There is a risk the freedom to be unorthodox or offensive becomes a privilege, exercisable by those secure enough to take the risk, or those with a benefactor. Take for example, the Murdoch press who, as Rafi Alam showed have not been wasting their privilege to be offensive.
So no, being shamed by an online mob, and sacked from your job is not as serious as state-based censorship. The power of the state is still the most dangerous threat to free expression. Nevertheless, being fired and shamed is a form of punishment for your ideas. It discourages dissent, effectively silencing a speaker, and limits the scope of our national conversation.
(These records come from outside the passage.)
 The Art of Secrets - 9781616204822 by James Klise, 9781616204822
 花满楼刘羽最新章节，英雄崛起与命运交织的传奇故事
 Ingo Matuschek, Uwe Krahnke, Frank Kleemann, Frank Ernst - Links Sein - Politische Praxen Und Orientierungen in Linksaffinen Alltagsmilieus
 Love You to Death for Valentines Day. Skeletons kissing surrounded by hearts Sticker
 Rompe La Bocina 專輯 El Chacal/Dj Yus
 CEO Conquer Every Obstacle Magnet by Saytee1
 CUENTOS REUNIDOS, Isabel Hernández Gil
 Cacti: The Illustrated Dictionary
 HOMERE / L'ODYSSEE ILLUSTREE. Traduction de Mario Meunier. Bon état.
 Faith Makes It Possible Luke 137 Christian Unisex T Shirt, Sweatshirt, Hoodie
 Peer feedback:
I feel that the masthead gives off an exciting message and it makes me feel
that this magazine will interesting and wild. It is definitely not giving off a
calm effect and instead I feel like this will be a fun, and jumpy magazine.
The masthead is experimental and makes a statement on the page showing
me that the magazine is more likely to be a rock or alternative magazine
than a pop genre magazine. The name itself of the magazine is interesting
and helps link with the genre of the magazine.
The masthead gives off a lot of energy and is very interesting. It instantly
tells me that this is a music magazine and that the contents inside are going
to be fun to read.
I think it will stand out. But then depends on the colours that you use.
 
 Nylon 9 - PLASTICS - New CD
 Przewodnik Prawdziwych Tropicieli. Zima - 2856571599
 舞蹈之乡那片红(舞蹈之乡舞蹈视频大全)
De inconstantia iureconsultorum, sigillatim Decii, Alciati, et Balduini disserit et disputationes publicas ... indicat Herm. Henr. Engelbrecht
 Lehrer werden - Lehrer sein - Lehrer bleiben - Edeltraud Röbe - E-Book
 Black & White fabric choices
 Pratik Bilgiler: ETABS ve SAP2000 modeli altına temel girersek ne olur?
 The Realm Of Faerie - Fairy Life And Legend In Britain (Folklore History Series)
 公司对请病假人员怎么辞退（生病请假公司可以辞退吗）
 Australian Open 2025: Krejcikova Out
What should we do? I don’t know. My aim here is modest: to show that when we organize so swiftly that someone is fired on Sunday morning for something they say on Saturday night, freedom of speech is implicated.
It was an illustration that the Internet has given society extraordinary power to speak, coupled with an unprecedented power to stifle unwanted opinions.
And no, I’m still not telling you what I think of the tweets, it’s still beside the point.